The choice of index ranges for $H$ in the statement — namely $1 \leq i \leq k$ rows and $1 \leq j \leq n$ columns — is precisely calibrated so that the exponent $n - k + j - i$ dodges the two "bad" values $0$ and $n$. This is the coding-theory reason the matrix $H$ is given in this particular shape.
[/guided]
[/step]
[step:Show that every codeword lies in the kernel of $H$]
Let $v \in C$. Since the rows of $G$ span $C$, there exists $u \in \mathbb{F}_2^{n - k}$ such that $v = u G$, i.e., $v^\top = G^\top u^\top$. Then
\begin{align*}
H v^\top = H G^\top u^\top = (G H^\top)^\top u^\top = 0,
\end{align*}
using $GH^\top = 0$ from Step 2 and the identity $H G^\top = (GH^\top)^\top$ (transpose of a product). Therefore $C \subseteq \ker(H)$, where $\ker(H) := \{ v \in \mathbb{F}_2^n : H v^\top = 0 \}$.
[/step]
[step:Compute $\operatorname{rank}(H) = k$ and conclude $\dim \ker(H) = n - k$]
We show the $k$ rows of $H$ are linearly independent over $\mathbb{F}_2$.
First, $b_{n - k} \neq 0$. Reason: $h$ satisfies $g(X) h(X) = X^n - 1$, so comparing leading terms, the leading coefficient of $h$ is the leading coefficient of $X^n - 1$ divided by the leading coefficient of $g$, both of which equal $1$. So $b_{n-k} = 1 \neq 0$.

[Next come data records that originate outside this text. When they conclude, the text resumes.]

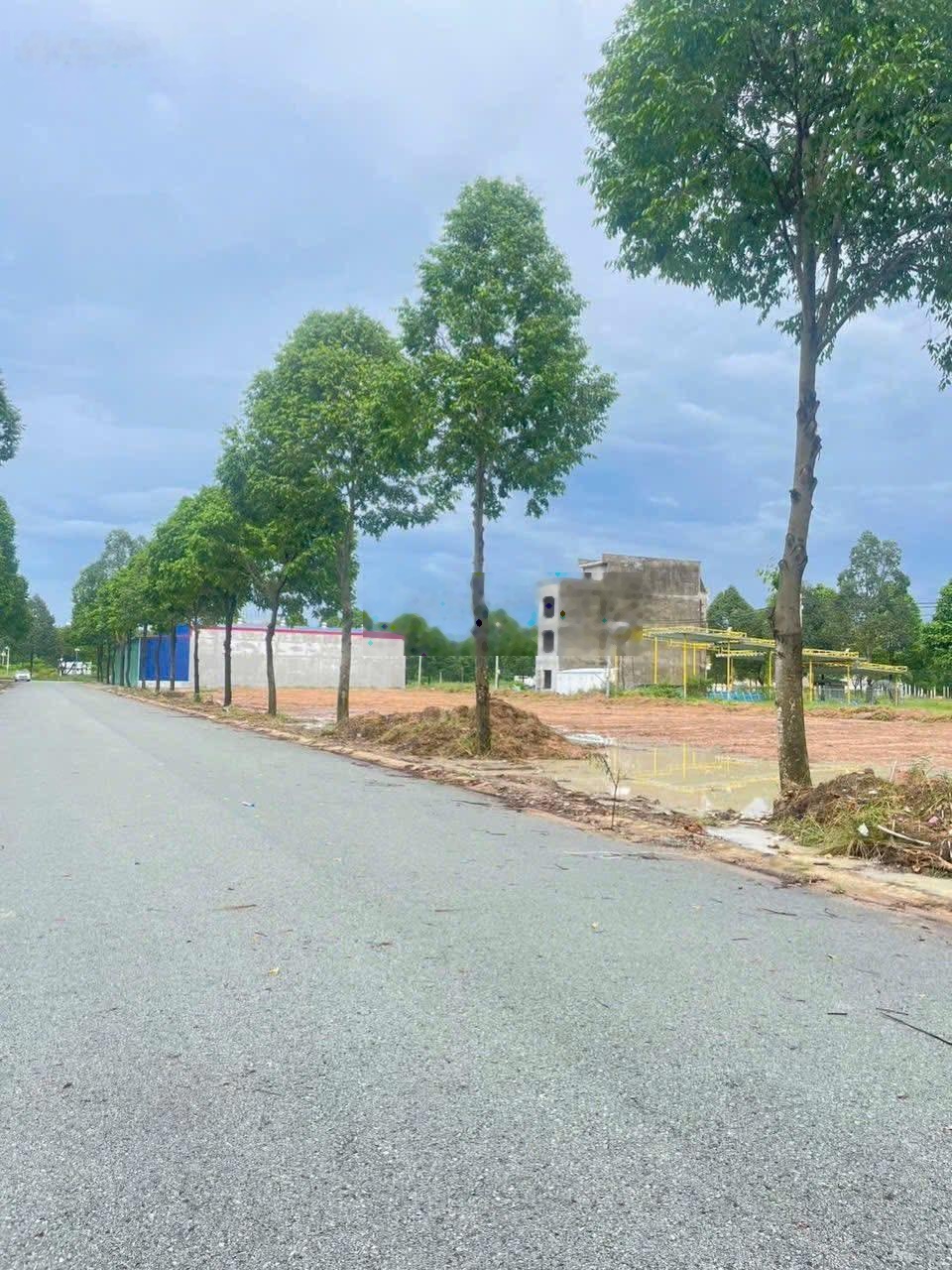 Bán đất ngộp đối diện chợ đêm KCN Bàu Bàng, thổ cư 100%, sổ sẵn, DT 150m2, đi ra QL13 chỉ 200m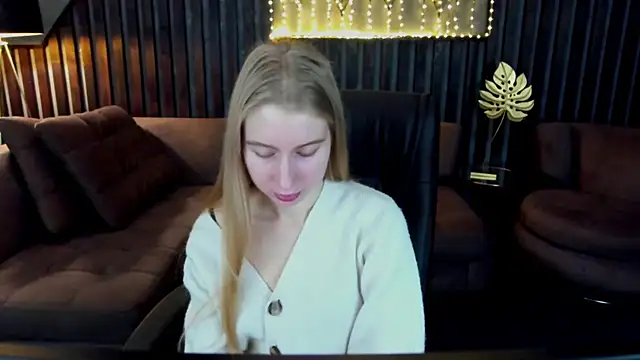 Snapshot of Alina_Blonde chatting on April 2, 5:38 am Alina Blonde online show from April 2, 5:38 am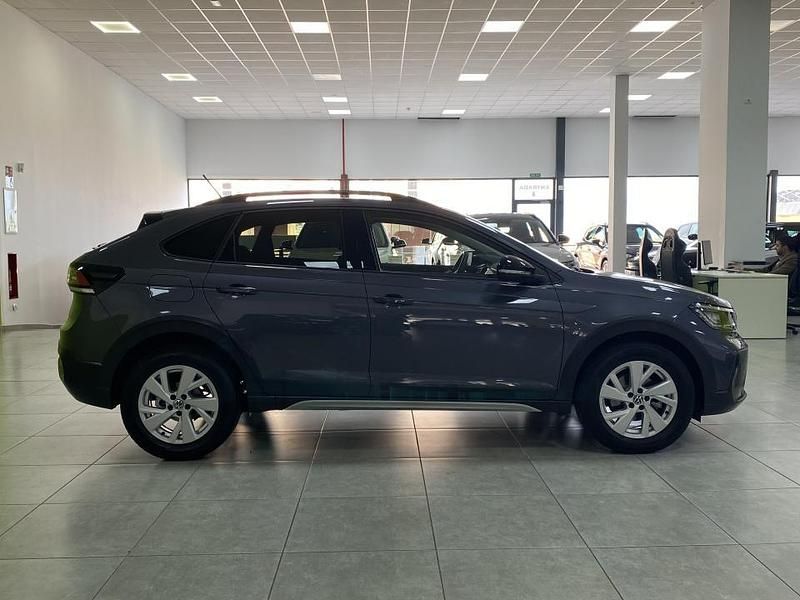 Usado VW Taigo Life 110 CV (80 kW) 2022 Gris SUV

Now suppose $\mu_1, \ldots, \mu_k \in \mathbb{F}_2$ satisfy $\sum_{i=1}^k \mu_i H_{i, \cdot} = 0 \in \mathbb{F}_2^n$, i.e., for every $1 \leq j \leq n$,
\begin{align*}
\sum_{i=1}^{k} \mu_i\, b_{n - k - (j - i)} = 0.
\end{align*}
Specialise to $j = 1$: the only index $i \in \{1, \ldots, k\}$ for which $n - k - (1 - i) = n - k - 1 + i \in \{0, \ldots, n - k\}$ with $b_{\cdot} = b_{n-k}$ (the leading coefficient) occurs when $n - k - 1 + i = n - k$, i.e., $i = 1$. For $i > 1$ we have $n - k - 1 + i > n - k$, so $b_{n - k - 1 + i} = 0$ by the convention in the statement. Thus
\begin{align*}
0 = \sum_{i=1}^{k} \mu_i\, b_{n - k - 1 + i} = \mu_1\, b_{n - k} = \mu_1,
\end{align*}
so $\mu_1 = 0$. Next specialise to $j = 2$: after using $\mu_1 = 0$, the same analysis yields $\mu_2 b_{n-k} = 0$, so $\mu_2 = 0$. Iterating through $j = 3, 4, \ldots, k$, we obtain $\mu_i = 0$ for all $1 \leq i \leq k$. Hence the rows of $H$ are linearly independent, and
\begin{align*}
\operatorname{rank}(H) = k.
\end{align*}
By the rank-nullity theorem applied to the map $v \mapsto Hv^\top$ from $\mathbb{F}_2^n$ to $\mathbb{F}_2^k$,
\begin{align*}
\dim_{\mathbb{F}_2} \ker(H) = n - \operatorname{rank}(H) = n - k.
\end{align*}
[/step]
[step:Conclude $C = \ker(H)$]
From Step 3, $C \subseteq \ker(H)$. From the theorem "Basis from Generator Polynomial", $\dim_{\mathbb{F}_2} C = n - k$. From Step 4, $\dim_{\mathbb{F}_2} \ker(H) = n - k$. A subspace of a vector space with the same dimension as the ambient space is the whole space, so
\begin{align*}
C = \ker(H) = \{ v \in \mathbb{F}_2^n : H v^\top = 0 \}.
\end{align*}
This is exactly the statement that $H$ is a parity check matrix of $C$, completing the proof.